[Saved data entries]
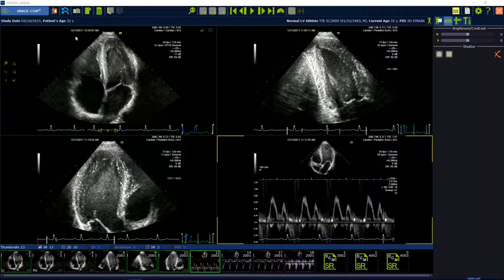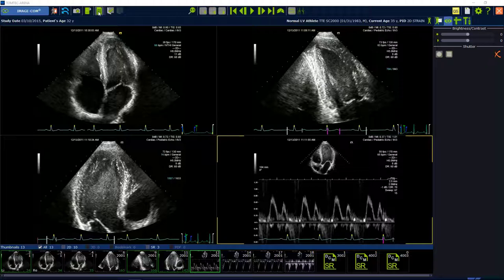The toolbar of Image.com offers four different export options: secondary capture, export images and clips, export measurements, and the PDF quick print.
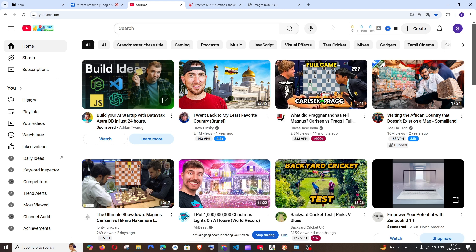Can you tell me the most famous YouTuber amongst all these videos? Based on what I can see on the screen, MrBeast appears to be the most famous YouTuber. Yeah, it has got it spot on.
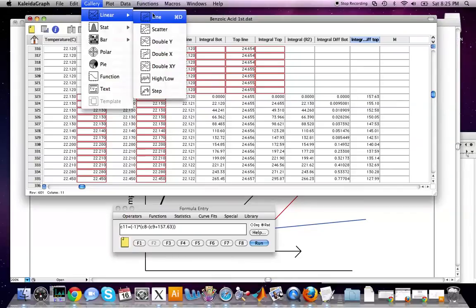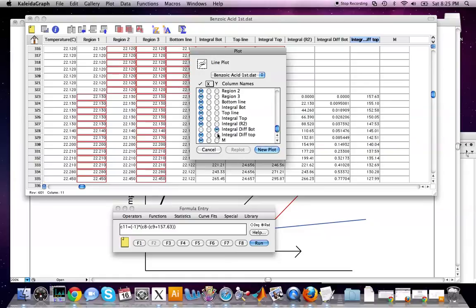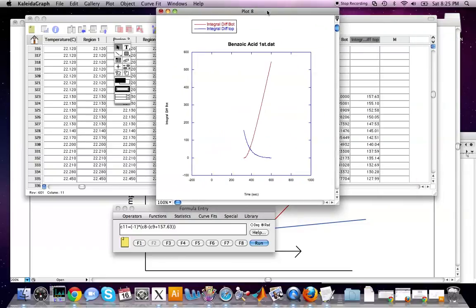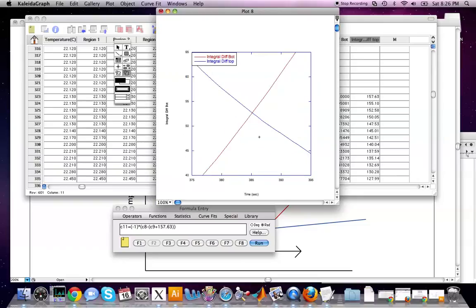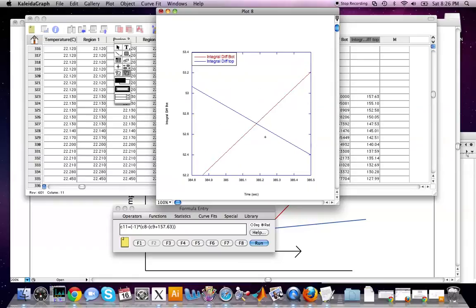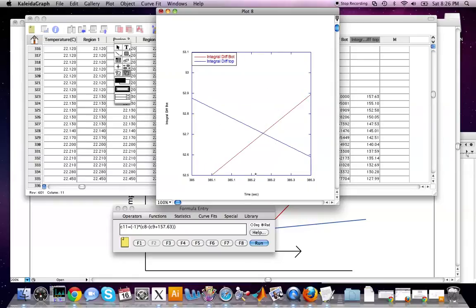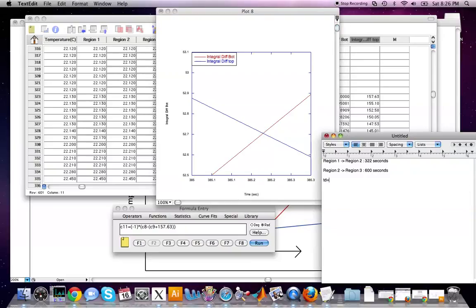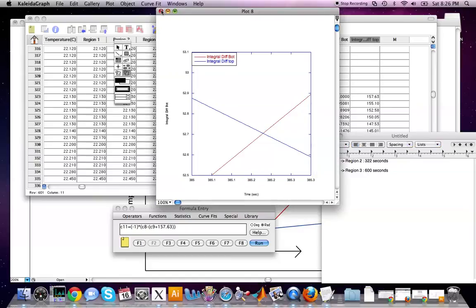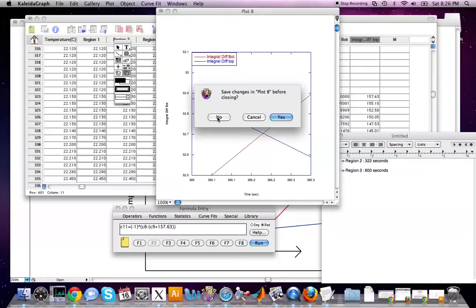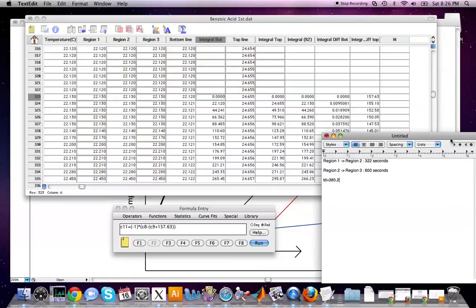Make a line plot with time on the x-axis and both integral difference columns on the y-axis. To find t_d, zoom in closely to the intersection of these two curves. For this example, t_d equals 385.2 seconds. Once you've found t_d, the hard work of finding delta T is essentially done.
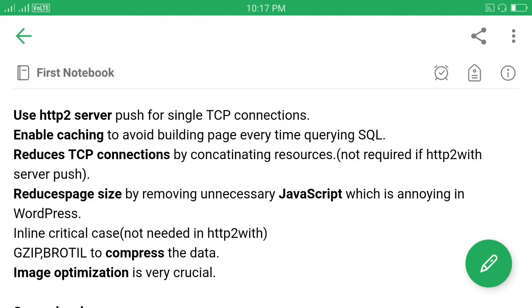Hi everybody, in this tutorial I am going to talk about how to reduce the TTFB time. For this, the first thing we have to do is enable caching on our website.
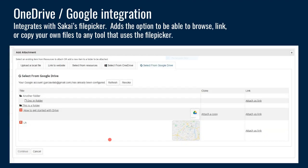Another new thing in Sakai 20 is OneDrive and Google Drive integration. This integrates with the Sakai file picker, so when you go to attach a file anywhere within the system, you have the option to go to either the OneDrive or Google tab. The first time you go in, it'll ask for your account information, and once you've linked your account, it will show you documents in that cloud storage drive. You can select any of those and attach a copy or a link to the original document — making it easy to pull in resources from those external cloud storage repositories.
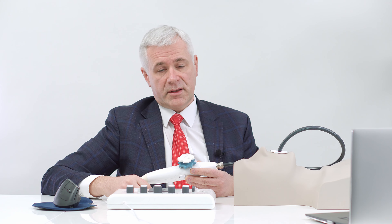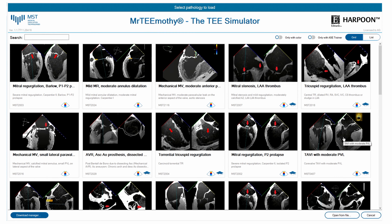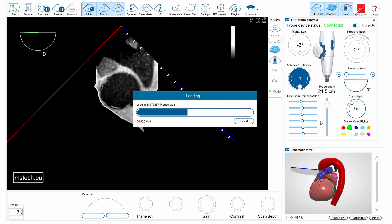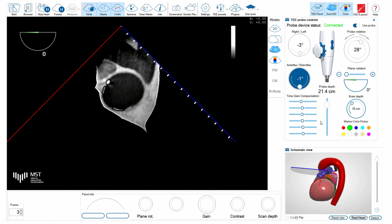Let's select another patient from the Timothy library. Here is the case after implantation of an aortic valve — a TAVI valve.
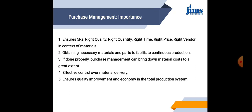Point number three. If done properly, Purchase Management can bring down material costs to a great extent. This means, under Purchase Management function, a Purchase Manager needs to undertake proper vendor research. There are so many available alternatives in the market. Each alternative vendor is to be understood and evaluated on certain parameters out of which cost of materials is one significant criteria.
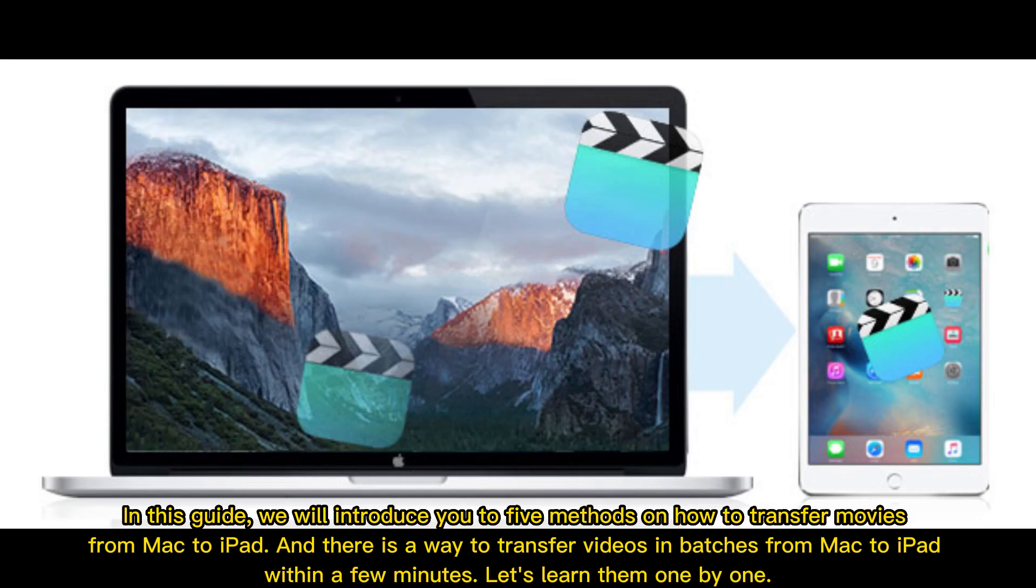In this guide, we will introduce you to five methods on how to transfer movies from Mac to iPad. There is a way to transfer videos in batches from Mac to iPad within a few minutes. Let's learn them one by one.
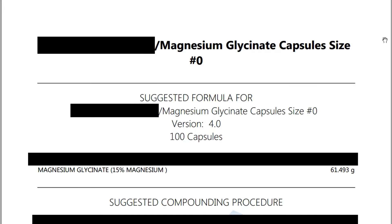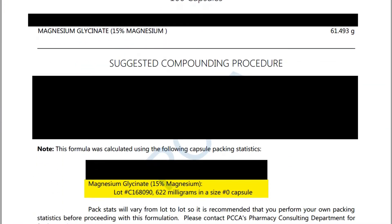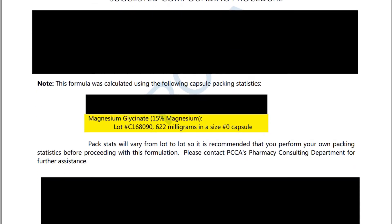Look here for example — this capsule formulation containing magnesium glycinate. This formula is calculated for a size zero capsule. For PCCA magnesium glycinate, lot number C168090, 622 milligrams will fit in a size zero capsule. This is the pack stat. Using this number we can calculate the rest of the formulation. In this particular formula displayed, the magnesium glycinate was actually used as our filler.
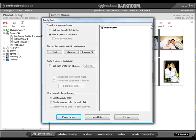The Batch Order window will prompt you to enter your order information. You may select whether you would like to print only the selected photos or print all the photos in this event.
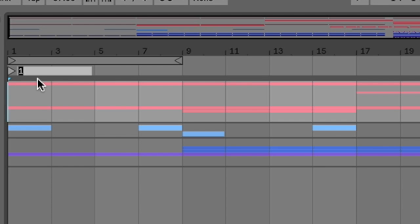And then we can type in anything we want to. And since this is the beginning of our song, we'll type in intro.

• PROBLEM STATEMENT:
Omitting the pictures, copy each record above exactly as it stands.

• SOLUTION TO THIS EXERCISE:
The toolbar of Image.com offers four different export options: secondary capture, export images and clips, export measurements, and the PDF quick print.
Can you tell me the most famous YouTuber amongst all these videos? Based on what I can see on the screen, MrBeast appears to be the most famous YouTuber. Yeah, it has got it spot on.
Make a line plot with time on the x-axis and both integral difference columns on the y-axis. To find t_d, zoom in closely to the intersection of these two curves. For this example, t_d equals 385.2 seconds. Once you've found t_d, the hard work of finding delta T is essentially done.
Hi everybody, in this tutorial I am going to talk about how to reduce the TTFB time. For this, the first thing we have to do is enable caching on our website.
Another new thing in Sakai 20 is OneDrive and Google Drive integration. This integrates with the Sakai file picker, so when you go to attach a file anywhere within the system, you have the option to go to either the OneDrive or Google tab. The first time you go in, it'll ask for your account information, and once you've linked your account, it will show you documents in that cloud storage drive. You can select any of those and attach a copy or a link to the original document — making it easy to pull in resources from those external cloud storage repositories.
Let's select another patient from the Timothy library. Here is the case after implantation of an aortic valve — a TAVI valve.
Point number three. If done properly, Purchase Management can bring down material costs to a great extent. This means, under Purchase Management function, a Purchase Manager needs to undertake proper vendor research. There are so many available alternatives in the market. Each alternative vendor is to be understood and evaluated on certain parameters out of which cost of materials is one significant criteria.
In this guide, we will introduce you to five methods on how to transfer movies from Mac to iPad. There is a way to transfer videos in batches from Mac to iPad within a few minutes. Let's learn them one by one.
Look here for example — this capsule formulation containing magnesium glycinate. This formula is calculated for a size zero capsule. For PCCA magnesium glycinate, lot number C168090, 622 milligrams will fit in a size zero capsule. This is the pack stat. Using this number we can calculate the rest of the formulation. In this particular formula displayed, the magnesium glycinate was actually used as our filler.
The Batch Order window will prompt you to enter your order information. You may select whether you would like to print only the selected photos or print all the photos in this event.
And then we can type in anything we want to. And since this is the beginning of our song, we'll type in intro.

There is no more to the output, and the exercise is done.